Prompt caching is often the single biggest win. If your system prompt is >1000 tokens and consistent, enabling prompt caching can cut TTFT by 50%+ with zero code changes.
Always stream for user-facing applications. The perception of speed matters more than actual speed. Streaming turns a 4-second wait into a 200ms wait + reading time.
Monitor p99, not average. Average latency might be 1.2s but p99 is 8s. Those 1% of users with 8-second waits are your most frustrated users. Optimize tails.
FAQ
Q: What is more important - TTFT or total generation time?
TTFT for interactive applications (users need to see something happening). Total time for batch/automated workflows. For chat, TTFT under 500ms with streaming makes even a 5-second total generation feel responsive.
Q: Can I make the model generate faster tokens?

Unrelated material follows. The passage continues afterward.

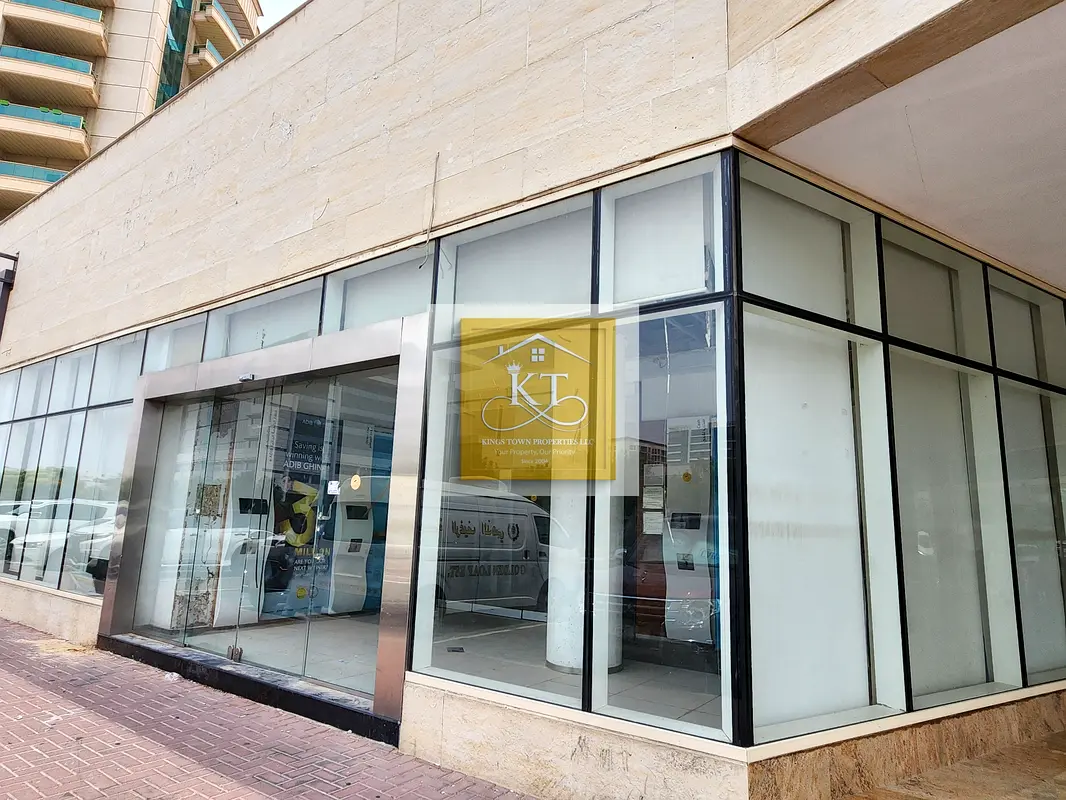 gallery-image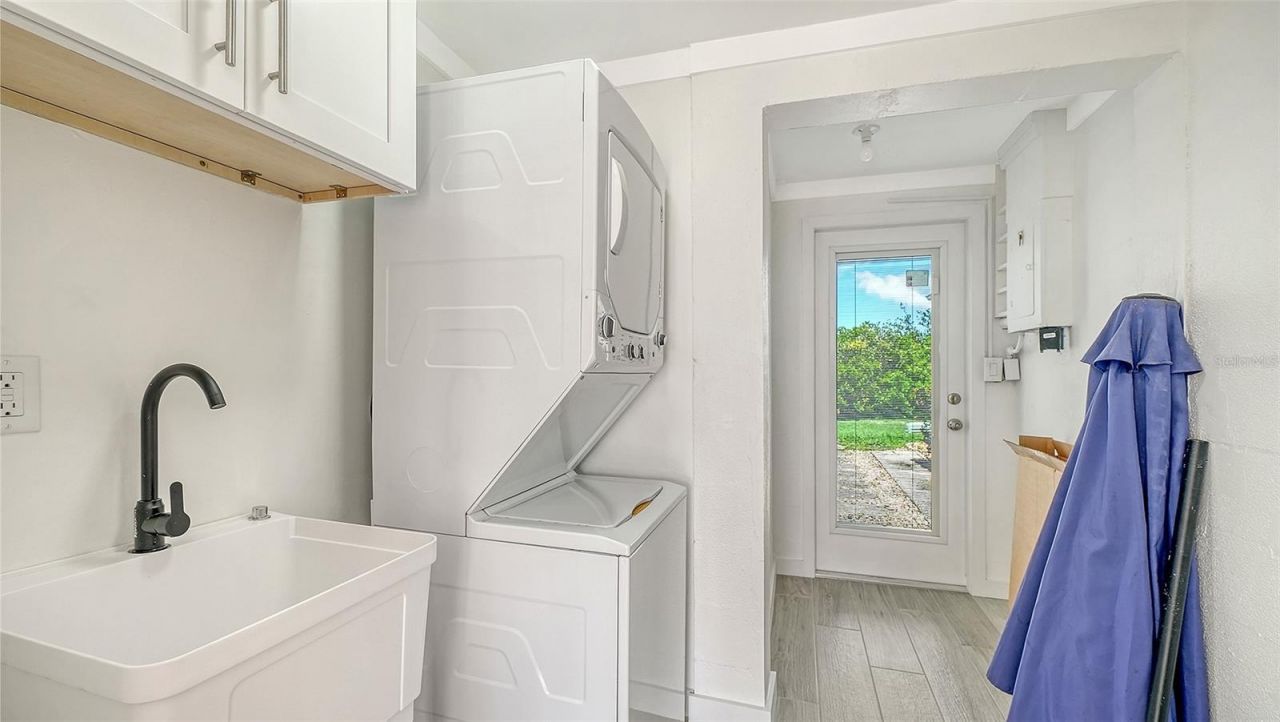 917 Spanish Drive N, Longboat Key, FL 34228 Photo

You cannot change the model’s per-token speed (that is hardware-dependent). You can: use a faster/smaller model, reduce output length, use speculative decoding, or pre-generate common responses. The tokens/second rate is fixed for a given model on given hardware.
Interview questions
Q: Your AI chatbot has 3.2s average TTFT. Users are complaining about slowness. Decompose the latency and propose optimizations to get under 800ms.
Decomposition: measure each component. Likely breakdown: RAG retrieval (400ms) + prompt assembly (50ms) + network to API (100ms) + prefill of 4000 tokens (2200ms) + network back (50ms) = ~2800ms + overhead ≈ 3.2s. Optimizations by impact: (1) Prompt caching: prefix is 2500 tokens static → cache reduces prefill to ~800ms. New TTFT: ~1.4s. (2) Reduce prompt: trim from 4000 to 2000 tokens by retrieving 3 chunks instead of 8 and compressing system prompt. Prefill drops further. (3) Parallel retrieval: run vector search and metadata fetch concurrently. Saves 100-200ms. (4) Use a faster model for simple queries (route 60% to mini). Combined result: <800ms TTFT for cached requests, <1.2s for uncached.